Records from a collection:
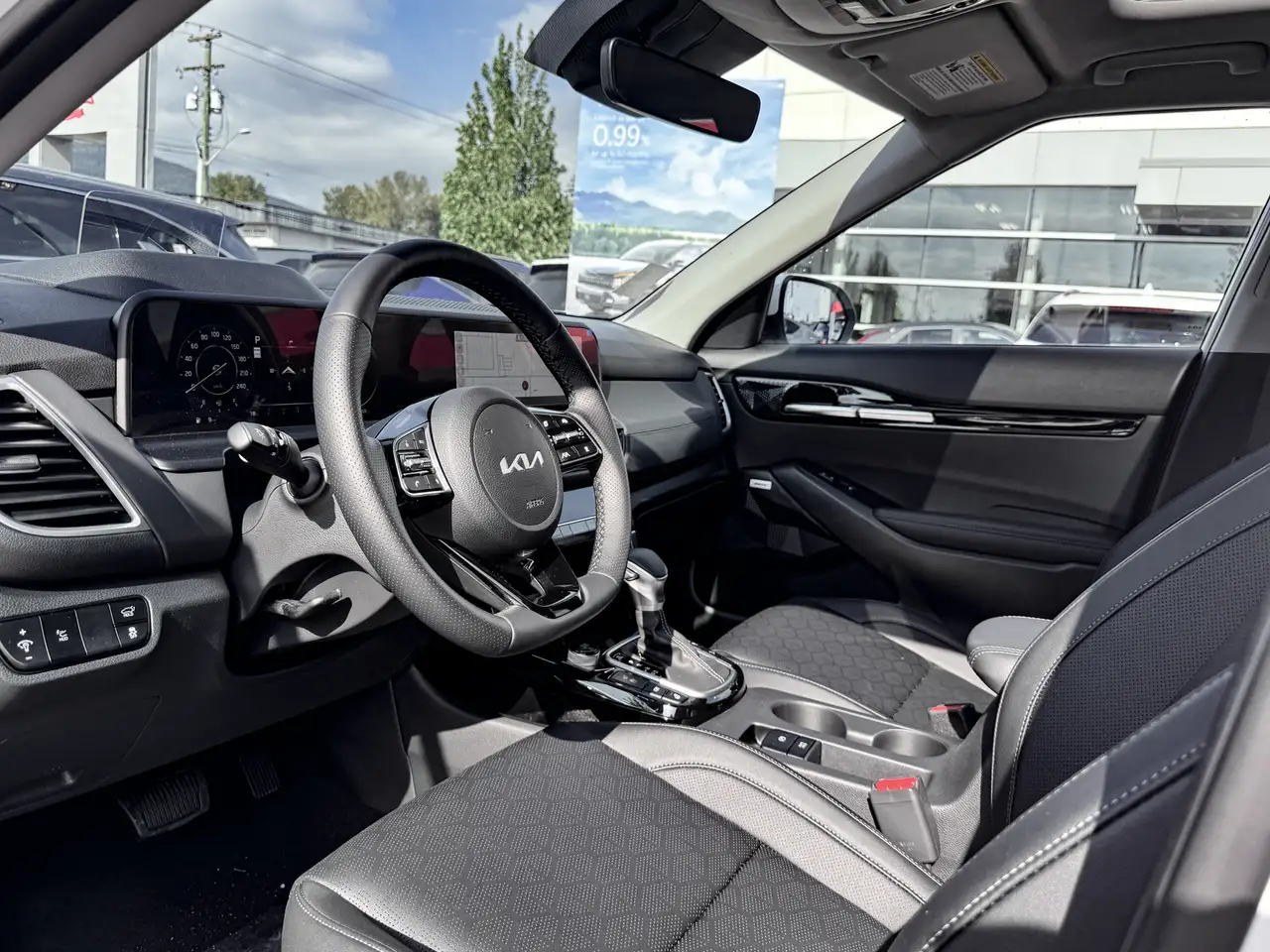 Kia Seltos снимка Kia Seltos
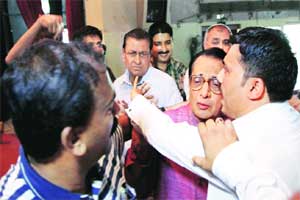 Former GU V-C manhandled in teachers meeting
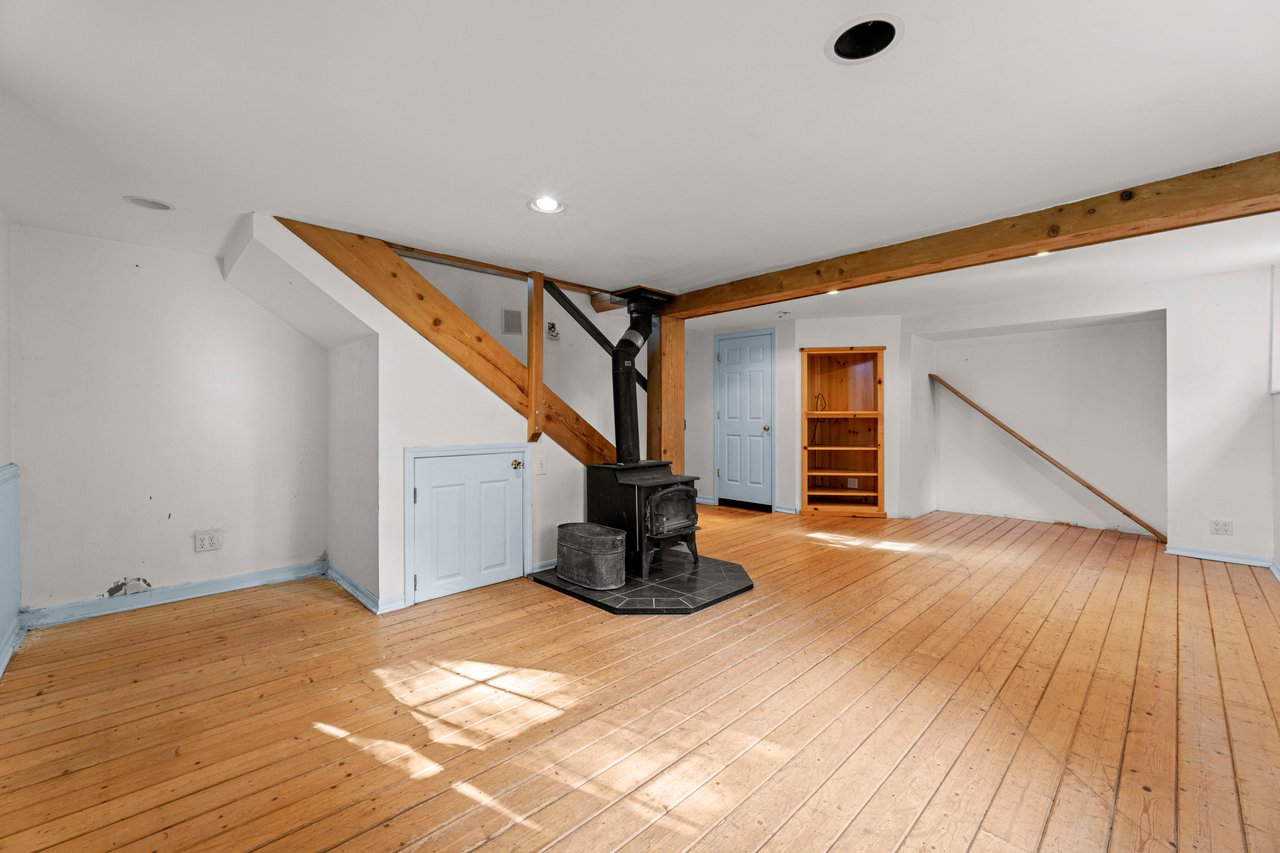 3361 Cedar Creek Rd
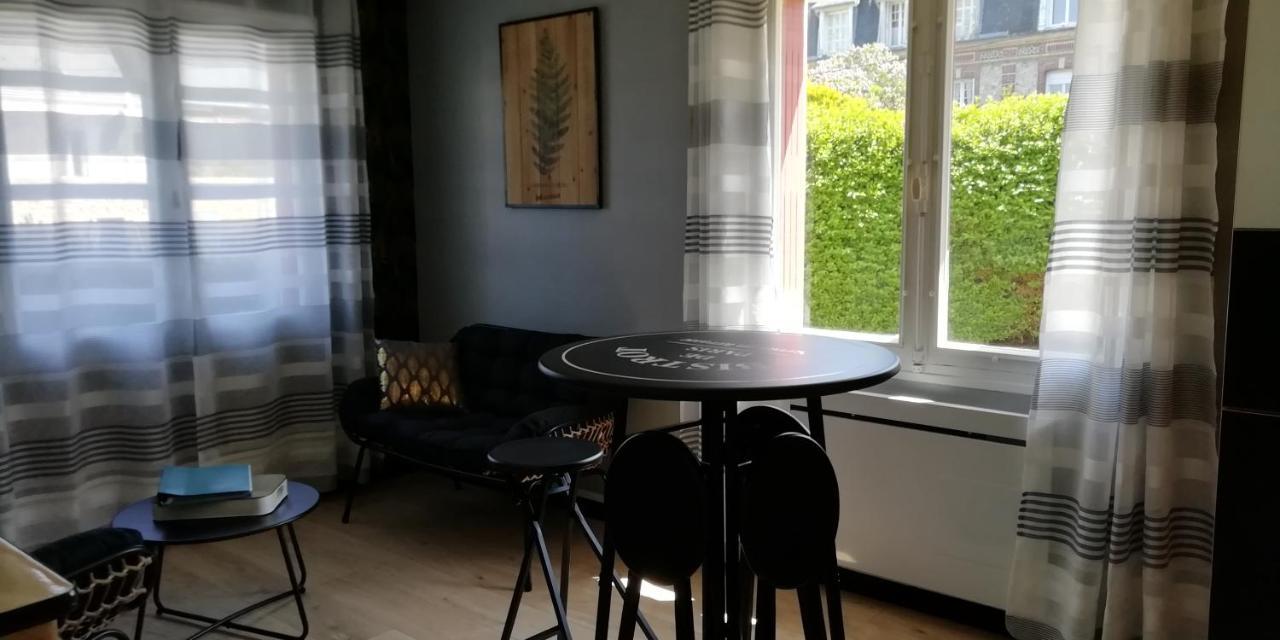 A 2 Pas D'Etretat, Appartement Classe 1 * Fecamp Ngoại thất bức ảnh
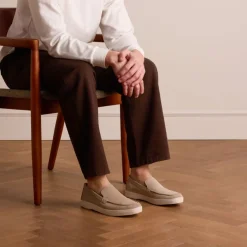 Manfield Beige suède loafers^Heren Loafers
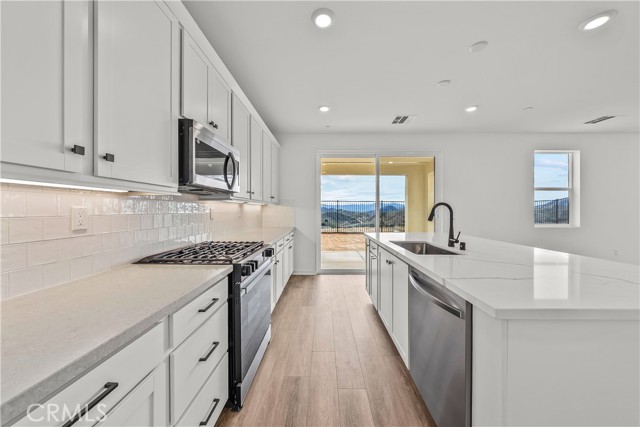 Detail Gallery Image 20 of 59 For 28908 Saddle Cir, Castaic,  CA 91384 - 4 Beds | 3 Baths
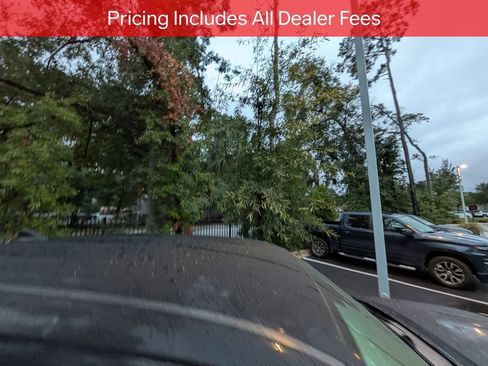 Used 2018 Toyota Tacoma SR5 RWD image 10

**WORK INSTRUCTIONS:**
Leaving out any images, restate every record word for word.

**OUTPUT FOR THIS EXERCISE:**
 Kia Seltos снимка Kia Seltos
 Former GU V-C manhandled in teachers meeting
 3361 Cedar Creek Rd
 A 2 Pas D'Etretat, Appartement Classe 1 * Fecamp Ngoại thất bức ảnh
 Manfield Beige suède loafers^Heren Loafers
 Detail Gallery Image 20 of 59 For 28908 Saddle Cir, Castaic,  CA 91384 - 4 Beds | 3 Baths
 Used 2018 Toyota Tacoma SR5 RWD image 10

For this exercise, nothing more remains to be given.